This dim, fire-lit opening scene is frenetic and frenzied, almost to the point of confusion. Despite Atlee’s gratuitous use of speed-ramping—quick transitions between slow-motion and high-speed within the same motion, popularized by Zack Snyder’s 300—no individual shot seems to last more than a second. It’s an issue that pervades the entire film, but it also imbues Khan with a superhuman physical quality at first, like he’s too elusive and powerful for the frame to fully capture.

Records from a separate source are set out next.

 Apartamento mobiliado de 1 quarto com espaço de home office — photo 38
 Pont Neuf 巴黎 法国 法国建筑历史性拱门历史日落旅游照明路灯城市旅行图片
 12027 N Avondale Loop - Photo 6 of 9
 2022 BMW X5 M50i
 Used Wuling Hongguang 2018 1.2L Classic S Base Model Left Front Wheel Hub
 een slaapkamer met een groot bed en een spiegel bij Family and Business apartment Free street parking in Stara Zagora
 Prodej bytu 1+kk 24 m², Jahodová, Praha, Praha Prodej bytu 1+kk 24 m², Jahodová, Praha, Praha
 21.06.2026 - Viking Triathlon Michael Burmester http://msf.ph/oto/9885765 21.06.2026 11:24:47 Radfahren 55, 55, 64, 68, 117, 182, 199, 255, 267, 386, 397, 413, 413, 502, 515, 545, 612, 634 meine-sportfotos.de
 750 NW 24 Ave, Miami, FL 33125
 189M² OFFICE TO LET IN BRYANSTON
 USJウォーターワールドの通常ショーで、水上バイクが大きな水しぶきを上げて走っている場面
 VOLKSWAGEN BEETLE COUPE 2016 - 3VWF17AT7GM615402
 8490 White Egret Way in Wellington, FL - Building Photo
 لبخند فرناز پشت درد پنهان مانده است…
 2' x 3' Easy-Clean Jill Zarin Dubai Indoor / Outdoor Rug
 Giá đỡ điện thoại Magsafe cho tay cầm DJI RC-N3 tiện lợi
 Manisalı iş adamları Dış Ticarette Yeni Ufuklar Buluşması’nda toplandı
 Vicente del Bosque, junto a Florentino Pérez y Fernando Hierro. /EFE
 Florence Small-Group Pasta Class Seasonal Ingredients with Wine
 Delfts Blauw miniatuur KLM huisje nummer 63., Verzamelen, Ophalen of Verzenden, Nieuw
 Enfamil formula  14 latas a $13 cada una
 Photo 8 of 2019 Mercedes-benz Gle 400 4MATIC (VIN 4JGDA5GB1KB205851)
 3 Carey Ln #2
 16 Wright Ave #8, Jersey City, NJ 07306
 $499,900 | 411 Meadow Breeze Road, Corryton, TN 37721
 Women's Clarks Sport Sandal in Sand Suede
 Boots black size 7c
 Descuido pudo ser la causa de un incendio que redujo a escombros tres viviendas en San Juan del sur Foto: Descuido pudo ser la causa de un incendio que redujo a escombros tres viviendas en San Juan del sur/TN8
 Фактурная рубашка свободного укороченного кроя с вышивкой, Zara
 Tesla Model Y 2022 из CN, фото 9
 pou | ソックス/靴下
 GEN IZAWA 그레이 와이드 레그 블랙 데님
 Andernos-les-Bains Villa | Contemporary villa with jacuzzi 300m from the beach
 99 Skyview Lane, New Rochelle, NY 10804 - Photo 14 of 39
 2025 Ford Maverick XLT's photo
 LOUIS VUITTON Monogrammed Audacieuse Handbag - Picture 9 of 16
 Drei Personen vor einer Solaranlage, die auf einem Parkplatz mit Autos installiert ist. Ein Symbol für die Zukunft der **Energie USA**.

Thirty years later, and without much explanation, an older, bald-headed Khan is re-introduced in a cosmopolitan setting aboard a metro train, which he sabotages and holds hostage alongside an elite squad of six high-tech, highly armed young women, each with their own unique spy talents. He goes by the name Vikram Rathore, and his team addresses him with diligent calls of “Good to go, chief!” With a grizzled rasp in his voice (akin to that of Bollywood legend Amitabh Bachchan), he makes a list of terrorist demands with noble outcomes, like the redistribution of wealth, and the disentanglement of politics from the influence of private industry. It becomes an instant TV spectacle. Meanwhile, police negotiator Narmada (Nayanthara) uses her skills and connections to get Rathore what he wants while also planning his capture, but he outsmarts her in audacious fashion, luring all of his hostages onto his side with sob stories about his six partners-in-crime and their reasons for assisting in his Robin Hood mission.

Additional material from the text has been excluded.